Google Search Features You Might Have Missed

Google Search is a great tool.  Being able to use it appropriately is a whole other issue.  Luckily, Google has realized this and provided a great resource for Educating how to use Google Search.  Most of us that have done a Google search recently know about Google Instant which provides results as you type.  But, there are also several other Google Search features that you might not have been aware of.

Google Handwrite lets you write your search right on the Google homepage and it is available on a mobile device and is activated in your mobile search settings. I can't say it is accurate unless you are good and writing with your fingers or a stylus, but still an interesting feature.  See the video below.

Google Voice Search is an option for Android and iPhone devices which allows users to search using voice commands and then get the answer to a search question spoken back to you.  Also, have you noticed the microphone on the search window recently on your browser?  You can also doing a voice search if you have a microphone hooked to your computer.  See the video below for more information.

Related Search Previews is another search option that shows previews for related searches in the search results.  This can be helpful when looking for information that could be related to each other.  Just mouse over "Related Searches" for a preview of the new set of results and click through to see the full results for that search as well.  When I was conducting research I would always "right click" and "Open in a New Tab" these related searches so I would not lose them.

Search by Image is a great way to find copyrighted images or find when your photos or images have been used without permission.  This is a valuable tool for teachers and students looking for where other images are posted on the web and to see if they can be printed or copied without permission.  To search for an image users can "Drag and Drop," Upload an Image, Copy and Paste the URL for an image, or right click and image on the web with an extension for Chrome and Firefox.  See video below for more information.

Google Knowledge Graph is a way to discover answers to questions you never thought to ask and explore collections and lists.  The purpose is to help you research a topic faster and with more depth.  Knowledge Graph allows users to use the search on any type of device.  Depending on the search users can get an image based list that relates to the original search.  See video below for more information.

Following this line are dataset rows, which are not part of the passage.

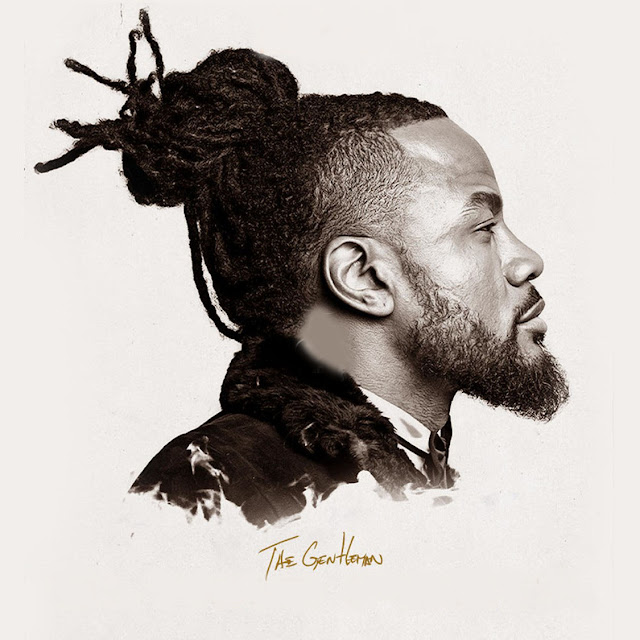 C4 Pedro The Gentleman (Álbum) Ango Mais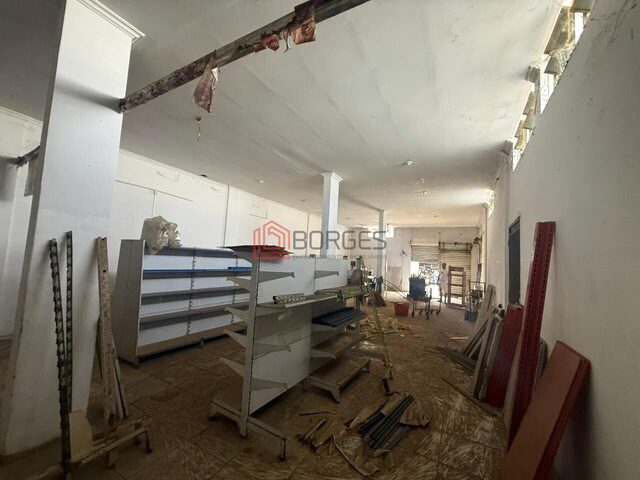 Imagem 3: Ponto Comercial Imóvel pra Locação nas 05 bocas, Villa Lobão
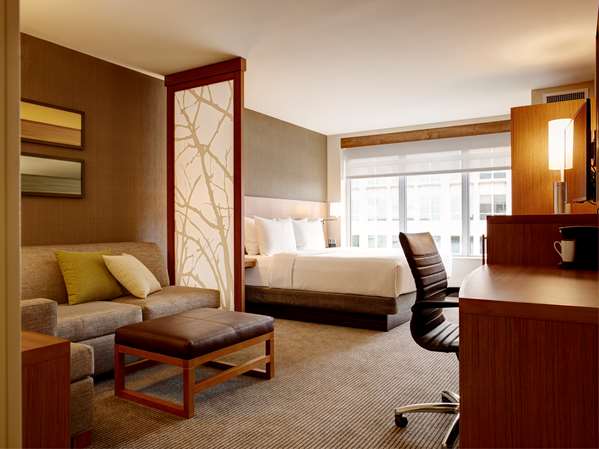  - Hyatt Place Hotel Courthouse Arlington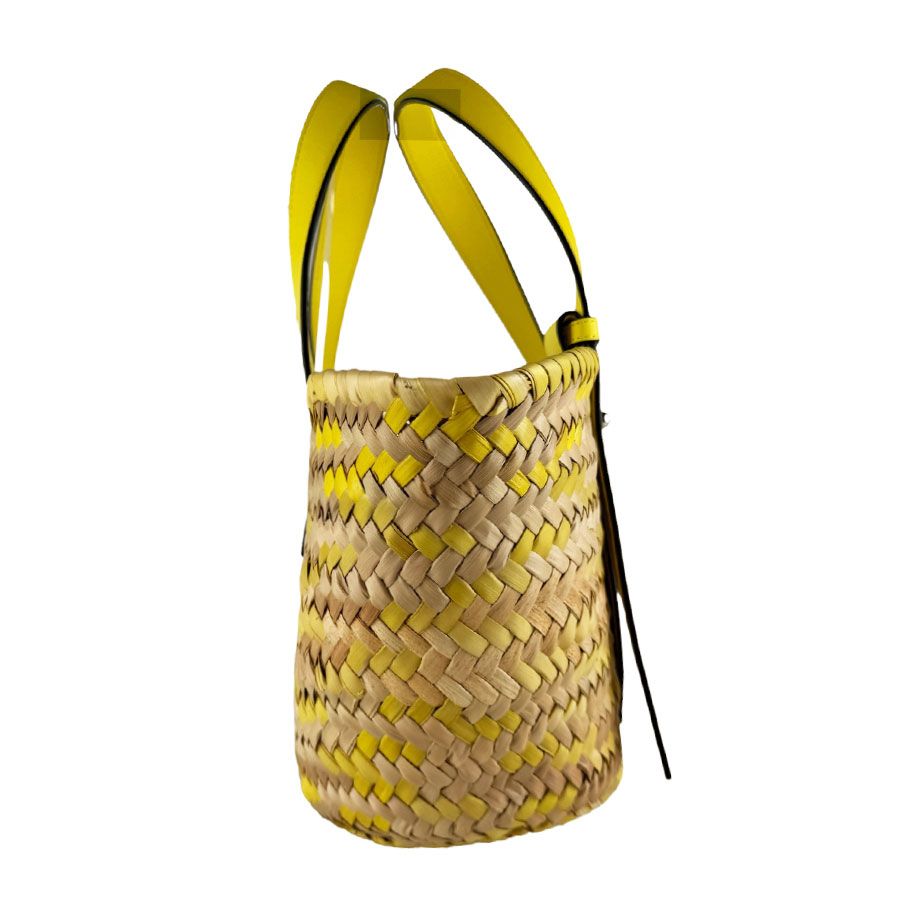 Loewe Handbag Basket Bag Small — view 2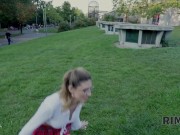 RIM4K. Romantic Ass Taste with Fanta Sia 4/16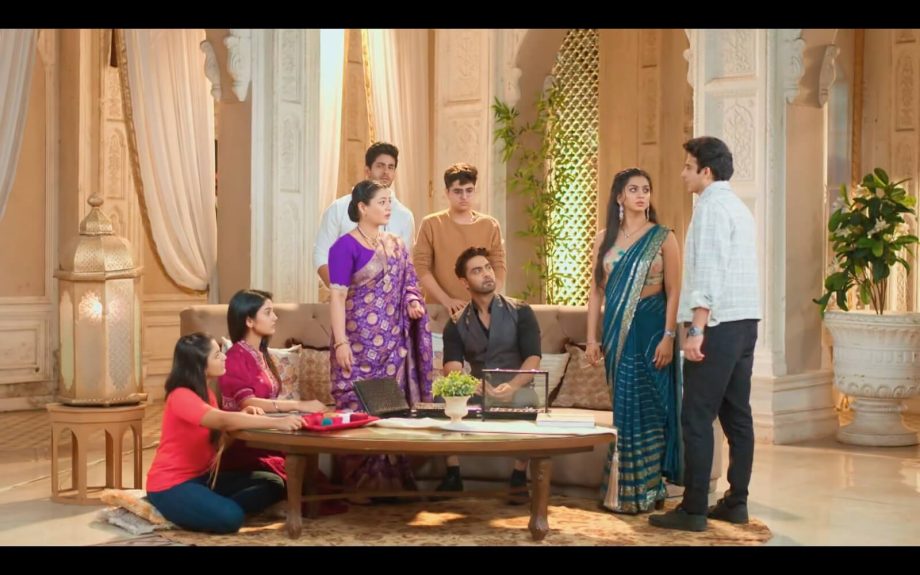 Yeh Rishta Kya Kehlata Hai Episode Written Update August 18: Kaveri's Unexpected Advice Leaves Abhira In Shock 913832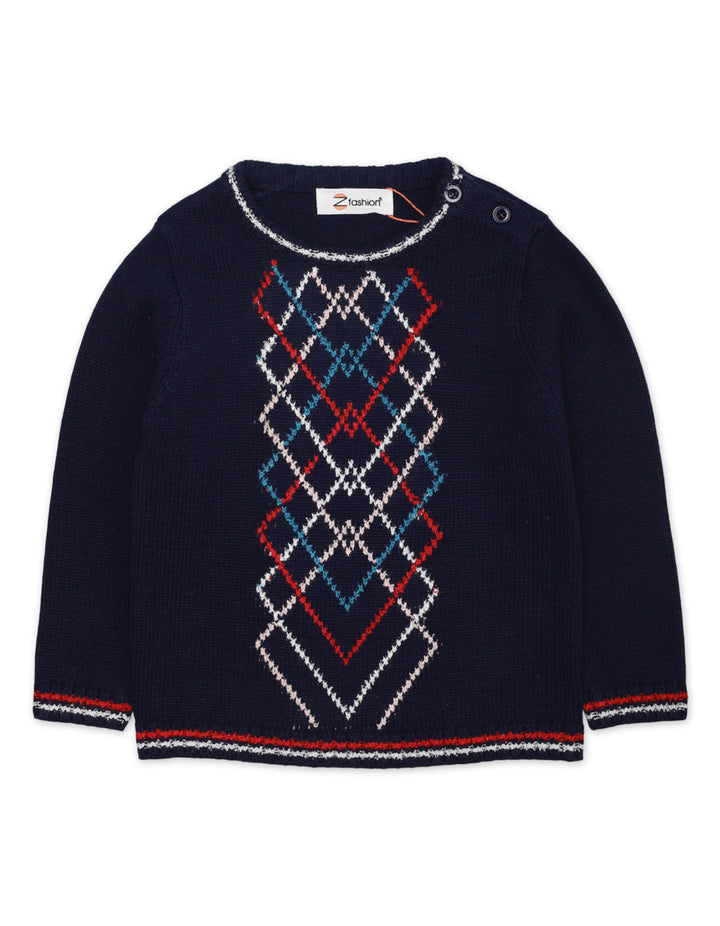 Zubaida's Sweater - Zubaidas Official™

If looking for some other Google Search information, I highly recommend checking out their Tips and Tricks.  If wanting to get the latest information about Google Search, check out the Inside Search Blog.

The Super Bowl Across the Curriculum

The other day, this Super Bowl Interactive came across Twitter from Larry Ferlazzo and it got me thinking about ways teachers could use the Super Bowl as a "Teachable Moment" and make content relevant to students.  Below are some of the ideas I came up with.

Art: Take a look at the Super Bowl Interactive above and have students draw their own version of a Super Bowl Ticket for this years Super Bowl using previous versions as examples.

Practical Living - Make a comparison of the history of football uniforms and how they have changed over time.  Cooking classes could also have a Super Bowl Party and prepare food that is most commonly prepared for Super Bowl Parties.  A great place to start for recipes is Pinterest.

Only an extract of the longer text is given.